The FBI rates the terrorist threat level in America as the highest since 9/11, and the risk primarily comes from “sleeper cells” of potential migrant terrorists, many of whom entered America under Biden. The Supreme Court approved to mass deportation of illegals to third countries, although Democrats tried to block it, and Trump’s team will try to put the fight against migration back on the agenda, which is much closer to the MAGA electorate.
The White House literally tried to keep the shaky truce between Iran and Israel in manual mode, because Trump cannot lose face in front of the whole world, including European elites, who were waiting for the American president at the NATO summit in The Hague. With Netanyahu, who, even after the cease-fire, launched several strikes against Iran and became the object of criticism of the American president, Trump’s relations with him could quickly deteriorate again. Trump has not forgotten how Netanyahu in 2020 was one of the first world leaders to run to congratulate Biden on his victory without waiting for court rulings and recounts in key states.
In addition, Israel could still hold elections in 2026, and there Trump’s team has options to support Netanyahu’s opponents, such as Benny Gantz, the leader of the white-blue coalition, which the incumbent fears is sinking into militarism and disobedience to Washington. For now, Trump urgently needs to present himself as a “peacemaker” who first dramatically raised the stakes and then just as dramatically arranged the promised de- escalation. The White House even engaged in a new conflict with the US intelligence community, and it all happened because representatives of US.military intelligence were very skeptical about the consequences of strikes on Iran’s nuclear facilities, because they can be restored in just a couple of months, and the damage is quite moderate.
At the same time, Trump’s team publicly exudes confidence in the complete destruction of Iran’s nuclear program, although behind their backs they made goodwill gestures to Tehran. Divergence from the intelligence agencies’ assessments could be a reason to start a new wave of purges of all those who disagree with Trump, so we should expect rapid dismissals of intelligence officers who did not like the strikes on Iran.

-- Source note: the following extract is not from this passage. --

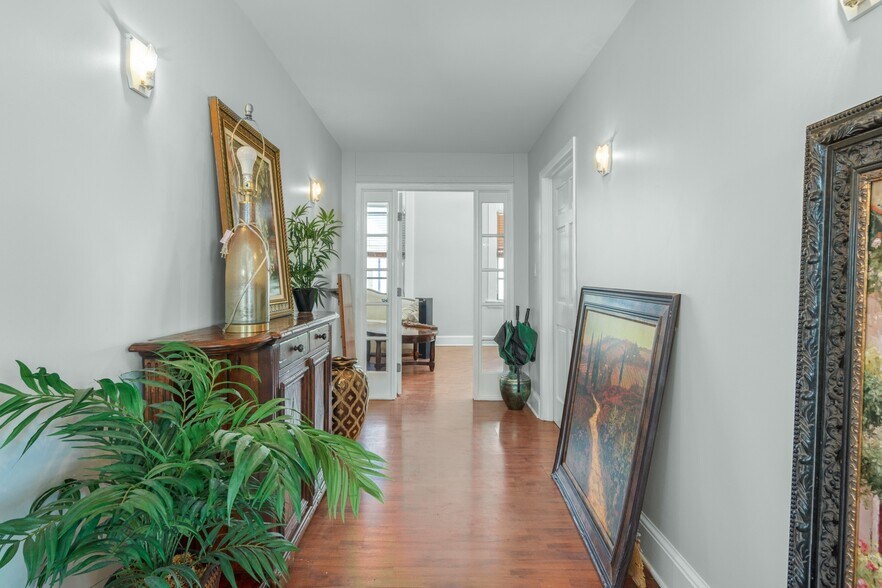 More Photos Of 47 W Wall St, Frostproof Loft Creative Space For Lease
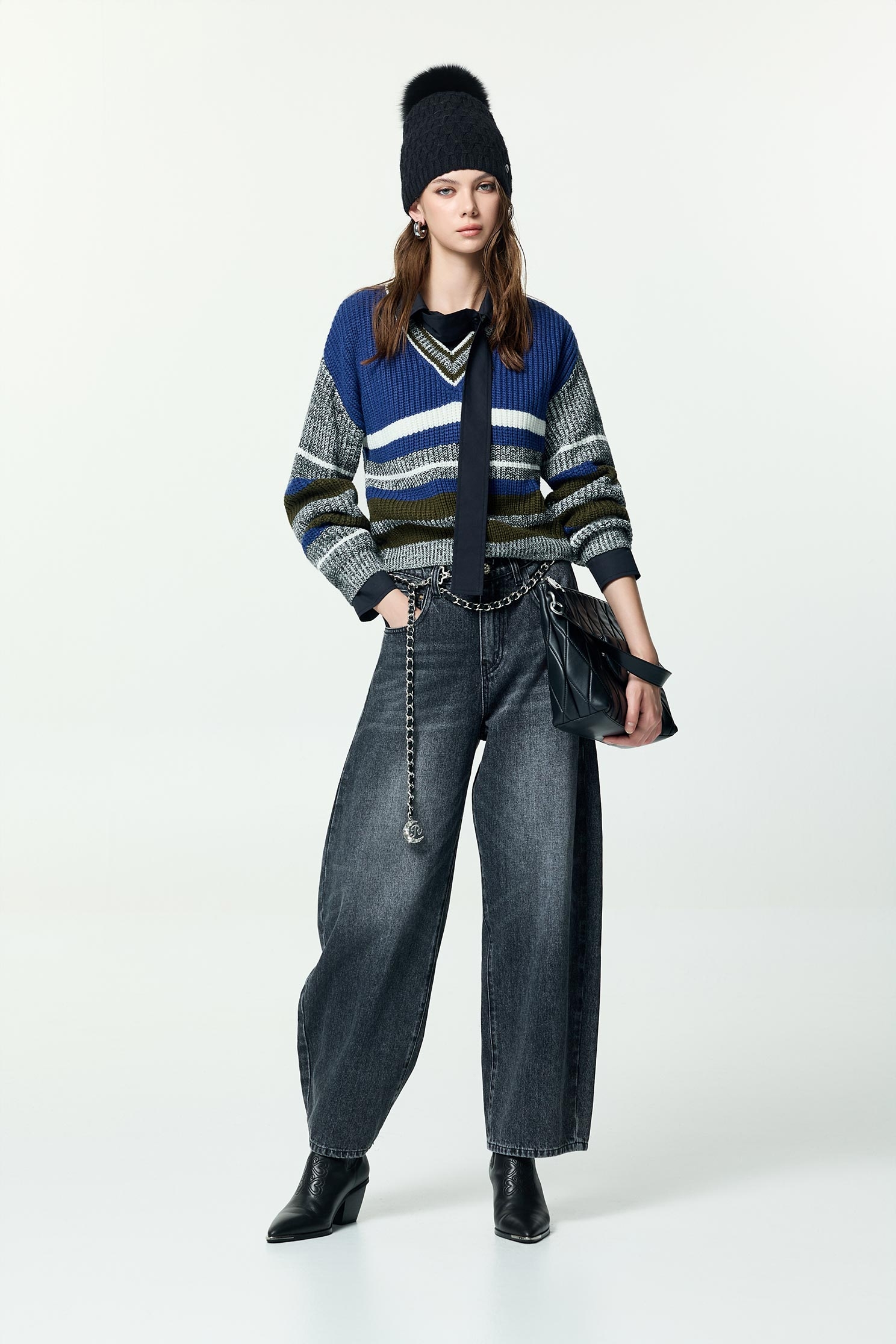 復古藍拼色針織上衣復古藍拼色針織上衣,上衣,條紋,秋冬穿搭,針織,針織衫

At the NATO summit, the White House presented everything that happened as a realization of the Trump Doctrine, which consists of unpredictability and simultaneous use of diplomacy with military force to achieve its goals. This strategy will be advertised in advance even if Trump ultimately fails to force Iran to give up its nuclear program. Trump was able to show a certain picture of success in the Middle East during his visit to Europe, but it will be harder to sell it to the electorate inside America. In recent polls, Trump’s approval ratings have fallen to 40%. Less than a third of Americans supported strikes on Iran, while 46% opposed them.
The Israeli-Iranian conflict is splintering the US and the MAGA movement, and Trump has gone from hawk to peacemaker in a hurry, but despite all the tricks, events have damaged his image. At the same time, Iran’s supreme leader declared Tehran’s victory over Israel at the end of the conflict, and the Israelis did the same. And apparently, despite all the farce, they really became a kind of winners against Trump, and Netanyahu and Khamenei, unlike the US president, strengthened their authority and gained the trust of their own citizens.